AR3-GP wrote: ↑02 Aug 2024, 23:52
I'm not going to address the specific points in your post (f1isgood, MySee).
I will simply say that history teaches us many lessons. Nothing we are seeing is new. Red Bull was a dominant F1 team just as Williams, Ferrari, Mclaren, and Mercedes were before them. Then the cracks appeared, and it all fell apart. Those teams suffered for many years. Red Bull is not immune. It serves no purpose to ignore the past. All of the teams are the same. When the cracks start to appear, they all come crashing down the same way.
For now, Red Bull still have lots of money (unlike the others apart from Ferrari and Mercedes who didn't have problems on that front).

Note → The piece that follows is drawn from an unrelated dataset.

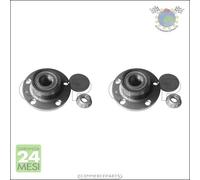 2x Cuscinetti mozzo ruota GSP Posteriore per AUDI A2 A1 SEAT IBIZA III IV CO #jr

Obviously McLaren bought out Mercedes which was expensive and lost the backing of Mercedes, while Williams lost the backing of BMW.
If Ford RBPT is a disaster, presumably there will be a way to pivot to Honda power units?
I think it is unlikely RBR-Ford RBPT will fall out of the Top 5 WCC in the short to medium terms (3-4 seasons) like Williams-Cosworth & Williams-Toyota did (eventually becoming backmarkers as Williams-Renault 5-6 seasons later), but it depends if Ford RBPT is a complete disaster or not, of course.
If Ford RBPT units are over 100hp down (and the Audi units aren't that bad, of course Audi could be just as bad or worse), then certainly RBR and VCARB will be nailed to the last two rows. But (hopefully) the Ford RBPT units will be more competitive than that.
taperoo2k wrote: ↑03 Aug 2024, 01:35
What has happened in the past
when Newey leaves a team is a decline, either a slow one or a fast one.
It took McLaren a better part of a decade to get where they are now. Williams have been in the doldrums for a long time, with a win here and there.
Attributing Newey to the decline of McLaren after 2013 is
really a stretch IMO! Newey left in 2006 and McLaren remained a leading team until 2012.
While Williams declined faster, it was accompanied by Renault power units being replaced by privateer Mecachrome & Supertec power units whcih didn't receive the same rate of development. With Willis designed cars and BMW engines, Williams were reasonably comeptitive. Williams only started to struggle technically in 2005, two years after the departure of Willis (but again there is the factor of BMW using detuned 2004 power units that season for various reasons, instead of a 2005 development).